To take the glider apart, first remove the bolts holding the rudder beams in the sockets on the machine. Then unfasten the wires which brace the rudder to the machine by loosening the turnbuckles until the spokes and nipples unscrew and come apart. The rudder may now be removed from the machine.
Next take off all the nuts on the eye bolts in the lower plane and pull the eyebolts out of the sockets. The two planes will then come apart. Remove the stanchions by pulling them out of the sockets. The two planes are then laid one on top of the other and will occupy very little room.
CHAPTER IV. Gliding.
The first words which may well be said upon this subject are to emphasize caution. But by this I do not wish to imply that gliding is exceedingly dangerous. Neither do I by caution mean timidity but rather judgment and common sense.
Canoeing is generally considered a safe sport, but who would think of canoeing on the ocean in a storm. It is exactly the same extreme to glide from a very high object, or experiment in a high wind.
The atmosphere near the earth is a mass of whirling and swirling currents which are constantly rising and falling and become very pronounced in a high wind. Even in a comparative calm these eddy currents exist but of course not to a dangerous degree. Evidence of this may be seen by watching the little dust particles floating in the air and made visible by a sunbeam coming through the window of a quiet room. Although the sense of feeling cannot detect the smallest air current, these little particles are whirling around and constantly changing their direction.

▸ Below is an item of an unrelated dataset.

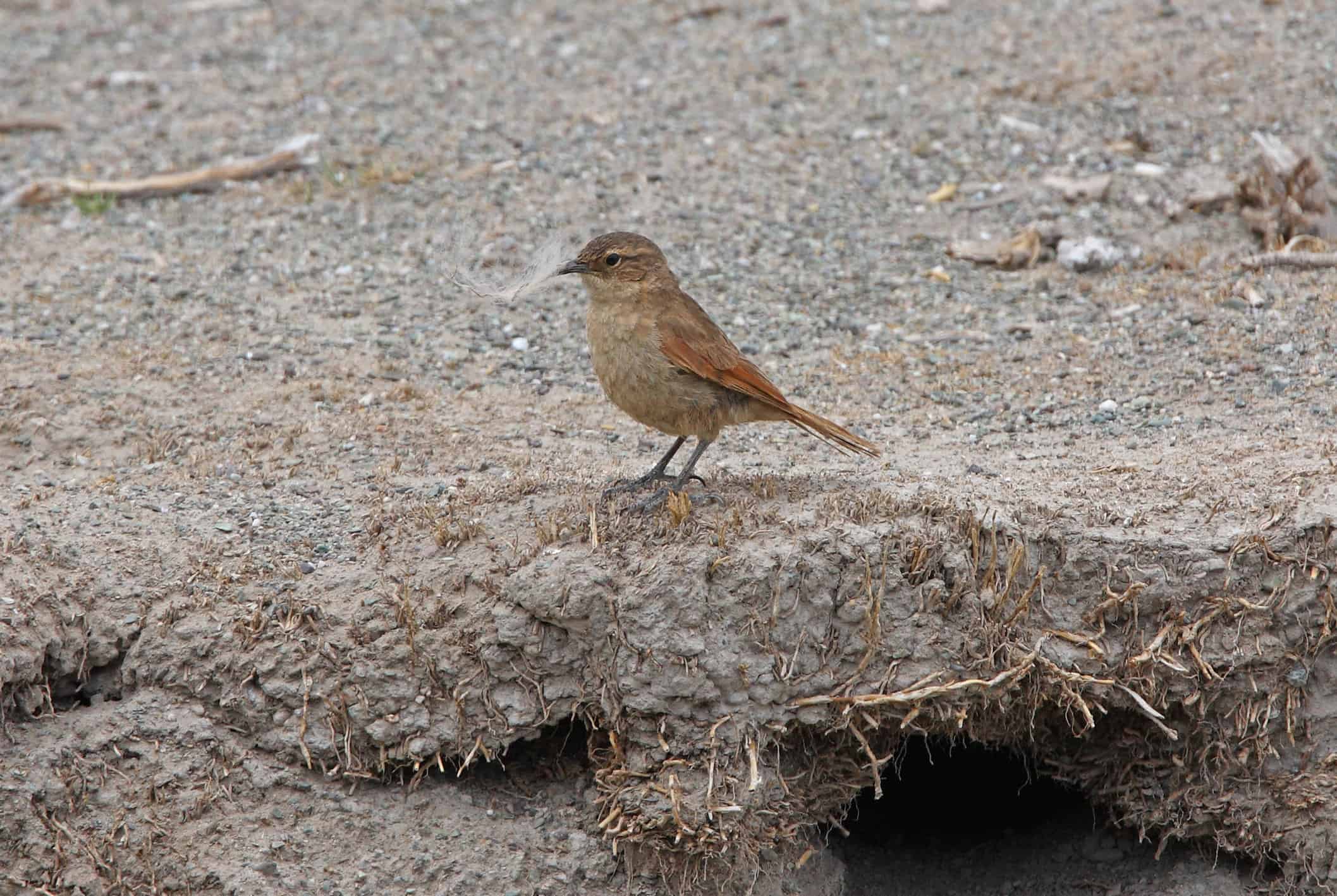 Plain-breasted Earthcreeper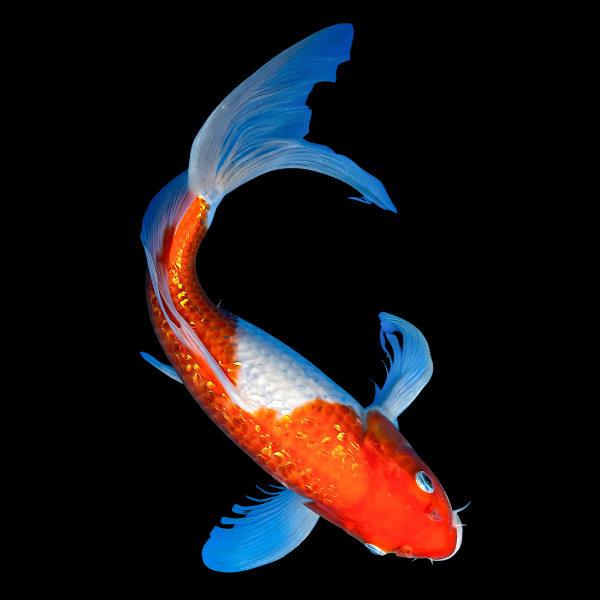 Gin Rin Butterfly Classic Koi Carp Cyprinus Carpio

When the wind strikes some natural object such as a tree or a stone, the streams of air divide, part of them passing to the sides and part going over the top. The air begins to divide some distance before it reaches the object and the result is a rising current on one side and a falling current on the other.
These currents are the bugbears of aviators for when one end of their machine passes into such a current that end rises or falls depending whether or not the current is rising or falling.